Dans cette histoire en quatre actes et fluide au possible malgré ses airs de pavé, entre les péripéties et les moments de bravoures simplement, banalement même, humains; on se dit que ces Gens Honnêtes sont peut-être des cousins pas si lointains des Vieux Fourneaux, qu'il y a dans l'ADN du combo royal Gibrat-Durieux les prémisses du phénomène BD actuel. Après, s'ils sont honnêtes, ils ne se disent pas forcément tout. Comme Philippe, notre héros proche de la banqueroute mais trouvant le toupet d'assurer que tout va bien dans le meilleur des mondes à sa maman. Comme Camille qui préfère partir au loin et laisser une lettre.

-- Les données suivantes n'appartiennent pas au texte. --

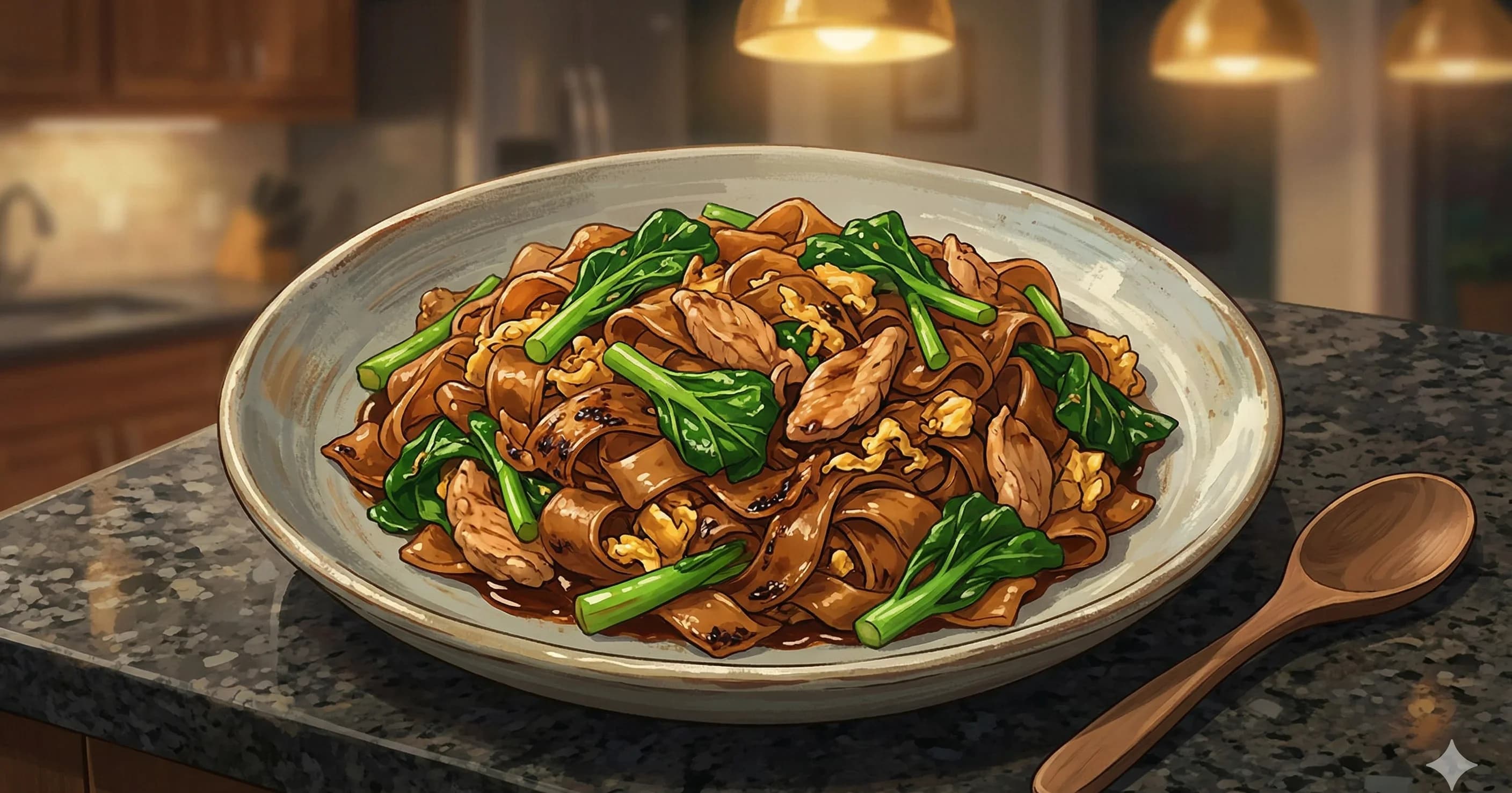 Pad See Ew (ผัดซีอิ๊ว) — Smoky charred wide rice noodles with chicken, Chinese broccoli, and a sweet soy glaze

Des lettres, il y en a d'ailleurs beaucoup dans cette épopée du quotidien, intime, épistolaire, intense. Une épopée animée par de jolies âmes qui n'ont plus rien à perdre et préfèrent opposer à la lourdeur de l'existence une légèreté de bon aloi. Les gens honnêtes est une affaire de rencontres, dans un train autour d'un business (mais en est-ce quand contre quelques sous, on donne du bonheur aux gens même en leur ôtant quelques tifs), dans le trésor d'une librairie. De départs aussi, parfois.

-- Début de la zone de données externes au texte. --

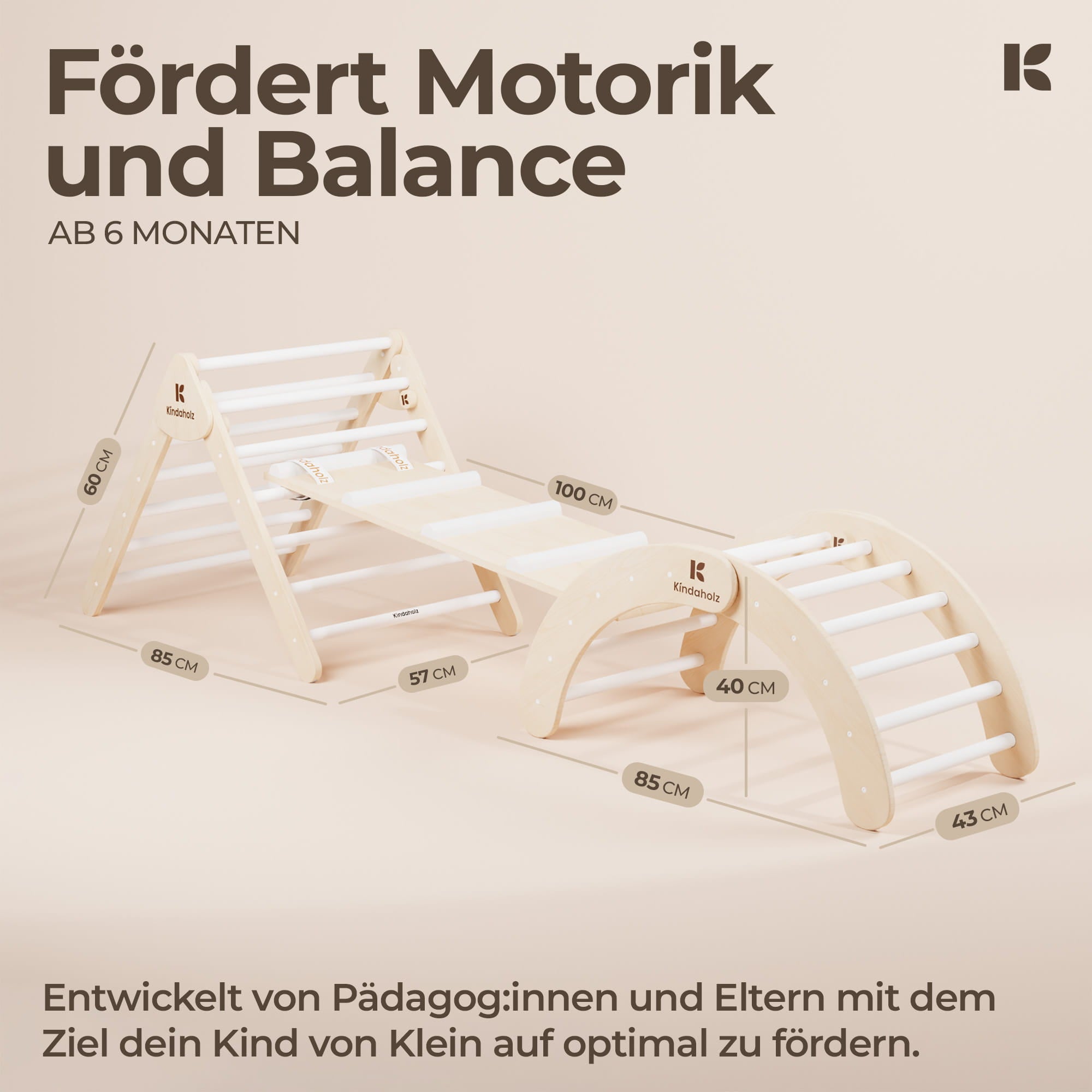 Kletterdreieck + Kletterbogen + MIKA Rutschrampe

Ainsi, deux petits tomes et puis s'en va, et Jean-Pierre Gibrat a confié le bébé à Laurent qui, de tout son être comme pour compenser le manque, a fait bouillir le chaudron de la chaleur humaine un peu plus fort pour offrir deux autres tomes qui, balayés par des tempêtes, ont vécu un peu plus fort, au fil des cases qui reprenaient le pouvoir, s'agrandissant sans jamais éclipser la folie littéraire et amoureuse, contagieuse, que Gibrat avait insufflée. C'est magnifique.